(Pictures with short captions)

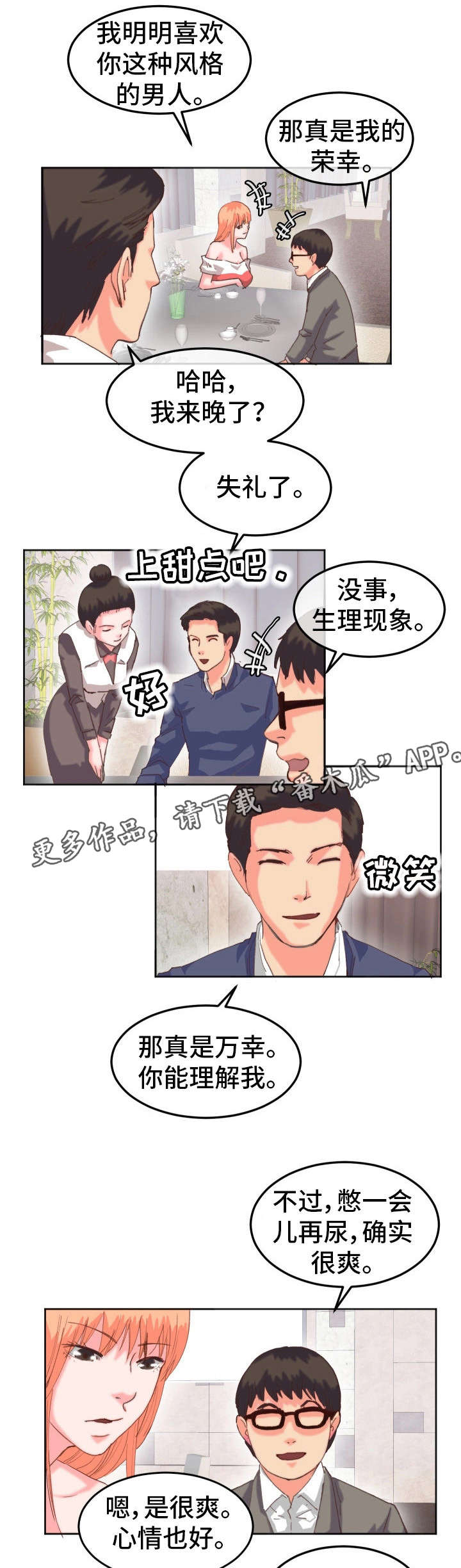 第24章：心不在焉（第一季完）0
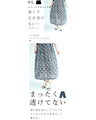 スカートの下に履ける ステテコペチパンツインナー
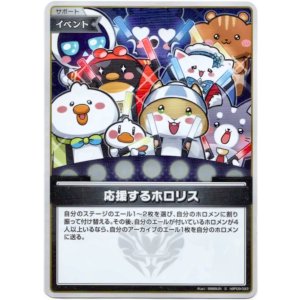 画像: 【S】応援するホロリス
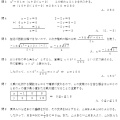 北辰テスト対策（数学）：解答・解説編⑩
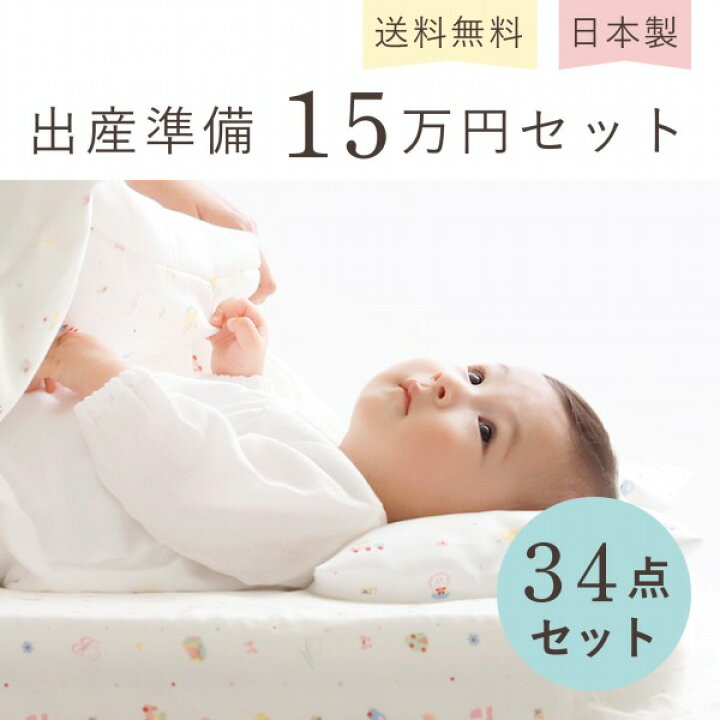 楽天市場】出産準備セット 34点セット ベビー布団 スリーパー 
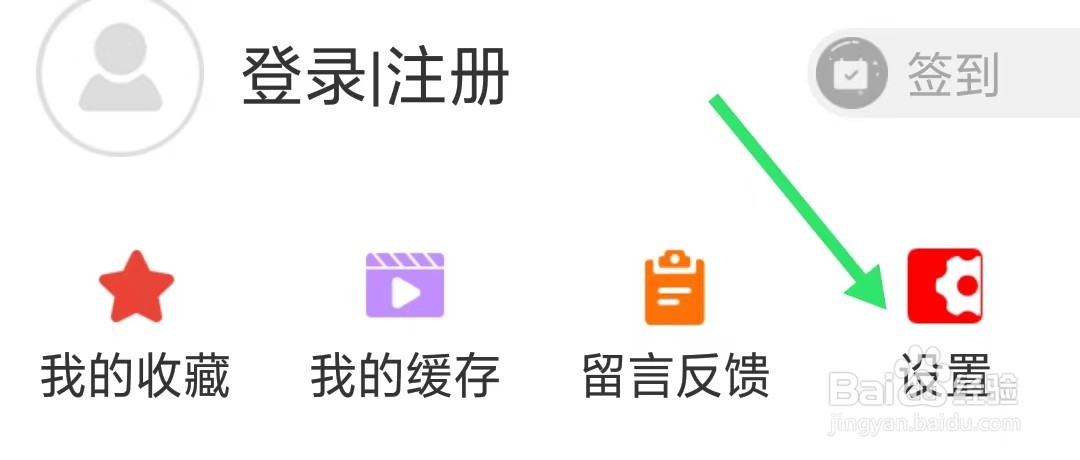 追剧影视大全app怎么查看隐私政策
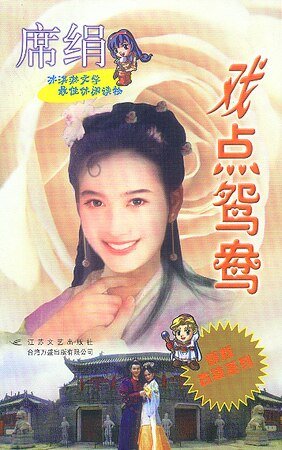 《戏点鸳鸯(石氏系列)》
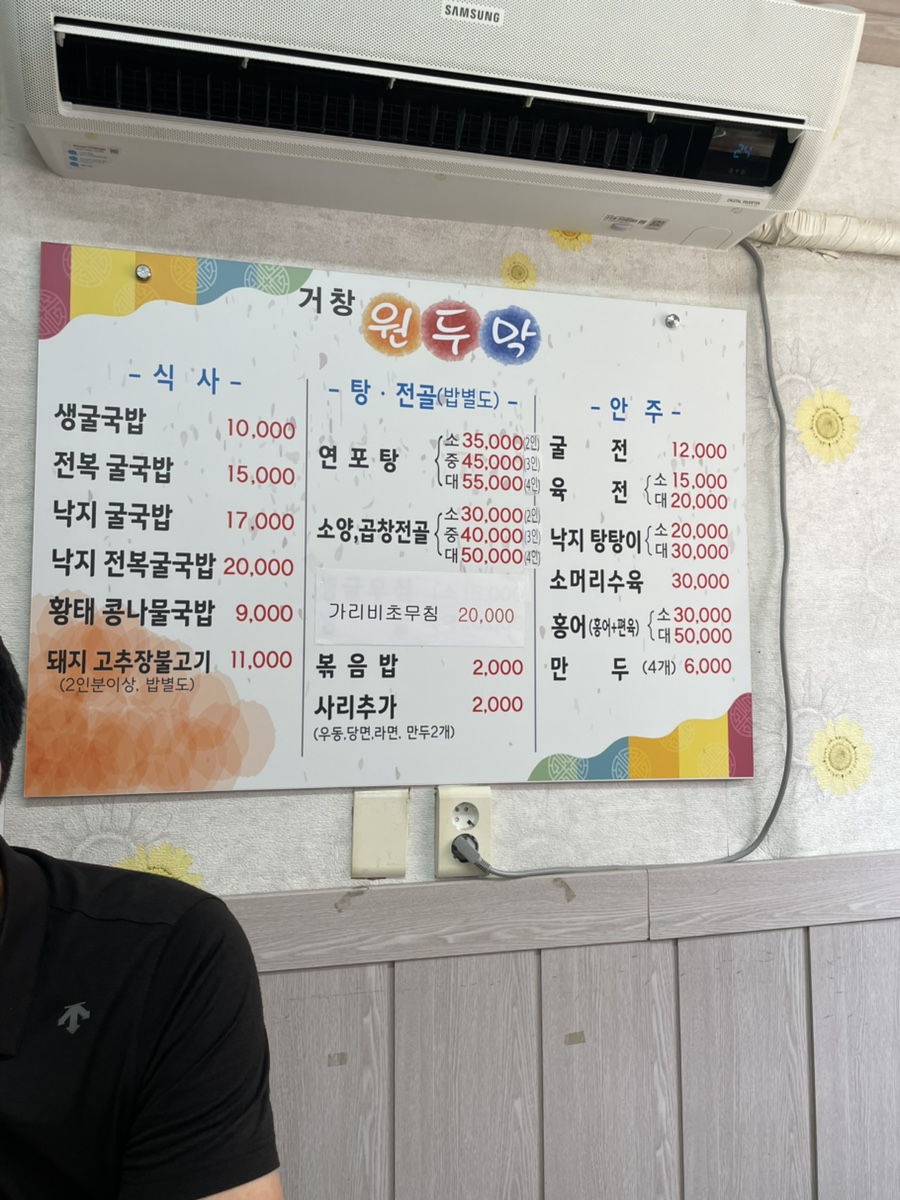 거창원두막 사진 5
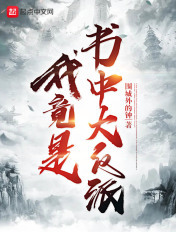 我竟是书中大反派女主简介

◆ Assigned task
Aside from the pictures, copy all of the entries exactly.

◆ Solution for this task
 第24章：心不在焉（第一季完）0
 スカートの下に履ける ステテコペチパンツインナー
 画像: 【S】応援するホロリス
 北辰テスト対策（数学）：解答・解説編⑩
 楽天市場】出産準備セット 34点セット ベビー布団 スリーパー 
 追剧影视大全app怎么查看隐私政策
 《戏点鸳鸯(石氏系列)》
 거창원두막 사진 5
 我竟是书中大反派女主简介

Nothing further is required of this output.